Beragama Tanpa Halangan

Melihat kedepan bukan berarti mencintai harapan sebagai wacana. Melihat kebelakang bukan berarti pesimisme karna peliknya kondisi. Persatuan dan komitmen akan menjadikan masa depan dan masa lalu sebagai entitas yang menyempurnakan masa kini.  
Semoga kalimat pembuka diatas dapat menjadi pemanis bahasan saya pada kesempat kali ini.

Tema-tema seputar keber-agamaan akan selalu menjadi kajian yang mengasyik-kan bagi sebagian orang, dan akan terus menjadi wacana yang dihindari oleh sebagian orang. Semuanya baik karna semuanya bagian dari wujud(satu-kesatuan rangkaian penciptaan).
           
Disadari maupun tidak, Agama sebagai essensi (dalam arti sederhana yang bisa dipahami oleh semua orang dan mampu diterapkan dengan proses pembelajaran), membagi manusia menjadi tiga golongan.

Golongan pertama adalah. Manusia yang beragama, mereka adalah kelompok hasil refleksi positif dari substansi agama, tidak memahami agama secara sistematis dan tidak menguasai logika keilmuan serta tidak mampu mempertahankan akidahnya secara argumentatif. Namun, gaya hidup penuh santun dan layak dijadikan representatif sederhana sebagai manusia yang beragama.

Golongan kedua adalah Manusia yang berilmu agama, memiliki banyak wacana keagama-an dan banyak menghapal hadis2 nabi serta rajin mengkonsumsi pemikiran-pemikiran klasik terkait agama. Mereka asik dengan kajian kitab suci atau filsafat, menjunjung tinggi ilmu pengetahuan agama sebagai modal untuk hidup sebagai umat beragama. Namun pada umumnya, kelompok jenis ini justru mengesampingkan nilai-nilai moral dan agama secara substansif, bersikap arogan dan merasa bahwa dirinya adalah orang yang dititipkan kunci surga. Sederhananya, kelompok ini tidak memasuki wilayah amal yang notabene telah diajarkan oleh agama.

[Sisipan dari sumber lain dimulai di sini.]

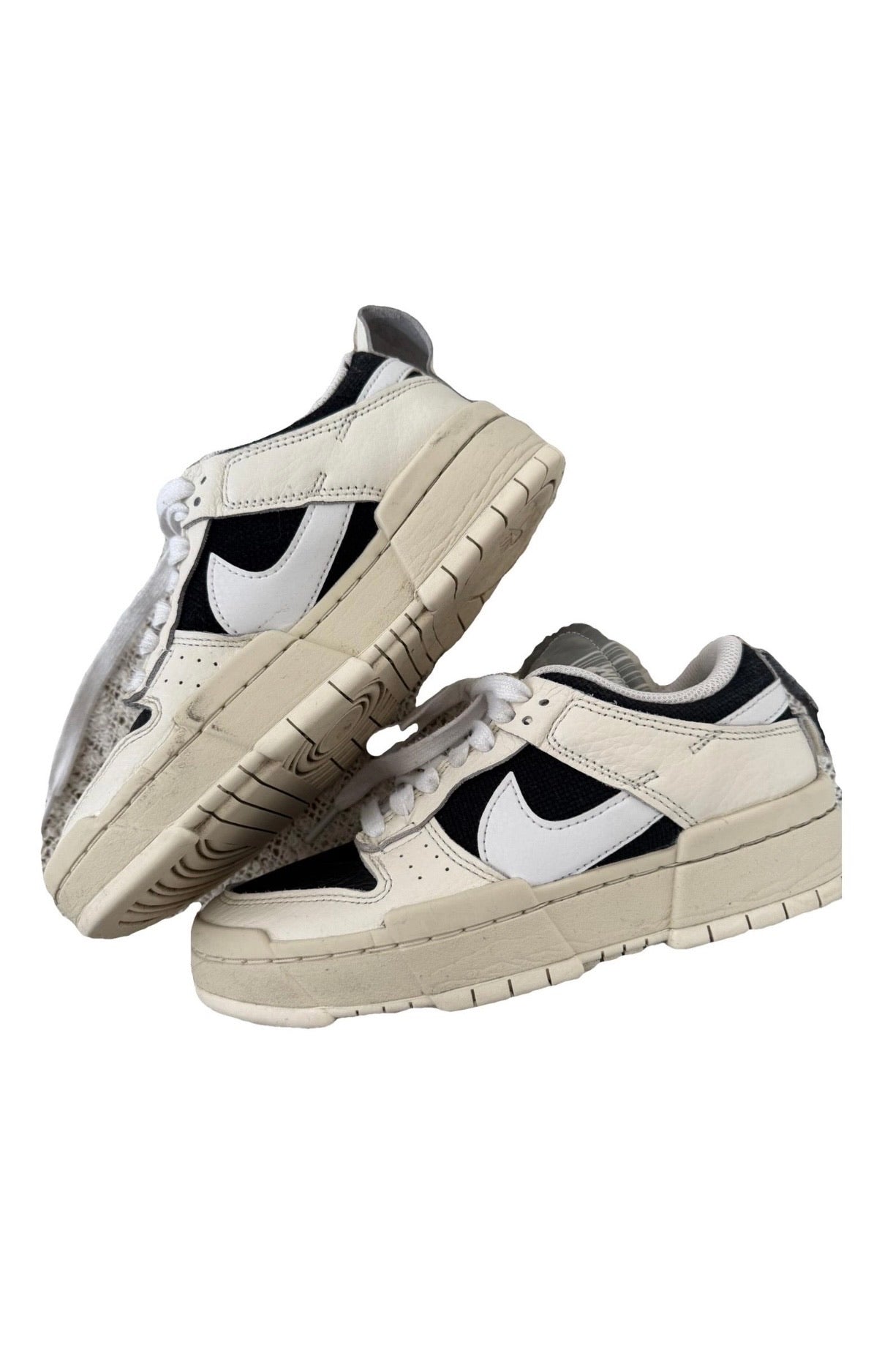 Nike Dunk Low Disrupt 'Ivory/Black' EU 36 / US 4 – Normal Use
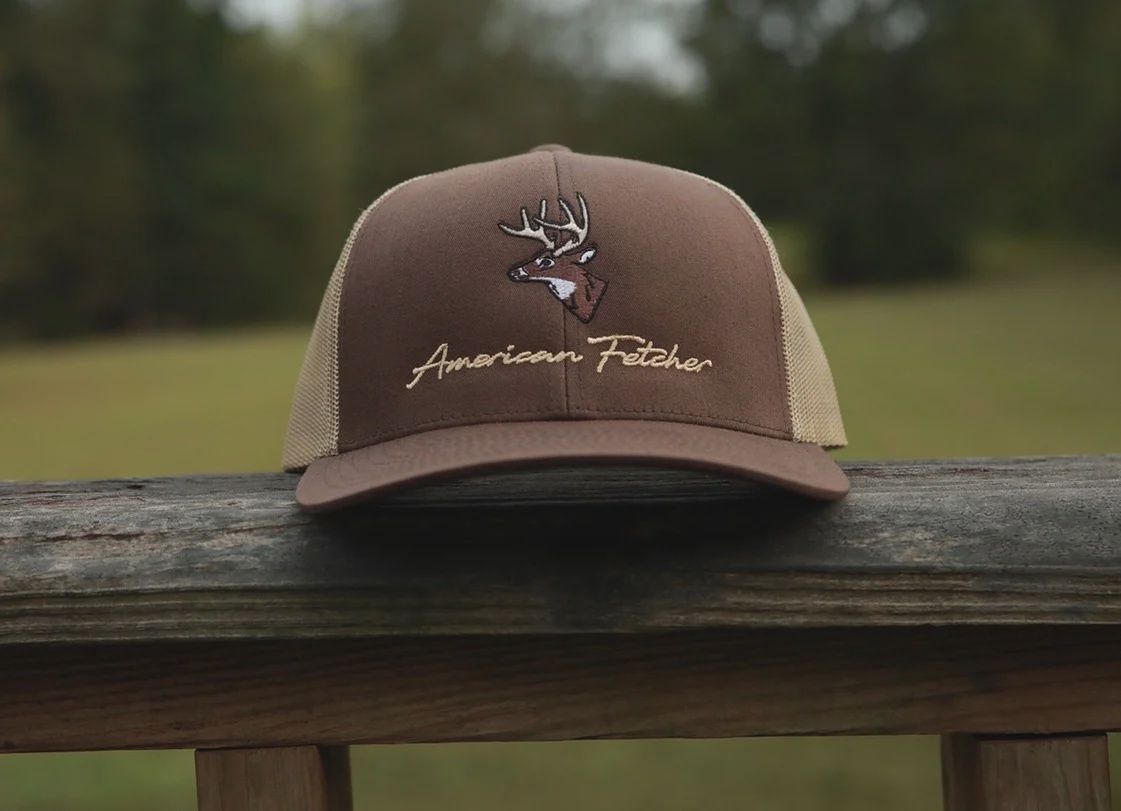 Typical 8 Trucker Hat Brown/Khaki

Golongan ketiga adalah kelompok spesial yang memang prodaknya terbatas. Mereka mencari ilmu karna memang untuk diamalkan, mereka bekerja dengan sekuat tenaga untuk mendapatkan independensi tanpa mengesampingkan nilai moral, memperjuangkan hak-hak orang lain dan menjalankan tanggung jawab sesuai wilayah taklif dan profesinya dalam sekup sosial atau wilayah kerja. Mereka cenderung memberikan contoh ketimbang menasehati, mereka cenderung memberikan pandangan baru ketimbang hanya sekedar mengkonsumsi obrolan orang tua, mereka mengemas ilmu agama sesederhana mungkin agar dapat ditawarkan kepada manusia jenis apapun. Mereka cenderung menjaga perdamaian atas nama persatuan ketimbang meroketkan anarkisme atas nama kebenaran. Mereka tidak lagi memandang agama sebagai objek kajian majlis ta'lim, tapi lebih menjadikan substansi agama sebagai gaya hidup yang bisa diterima oleh semua kalangan.   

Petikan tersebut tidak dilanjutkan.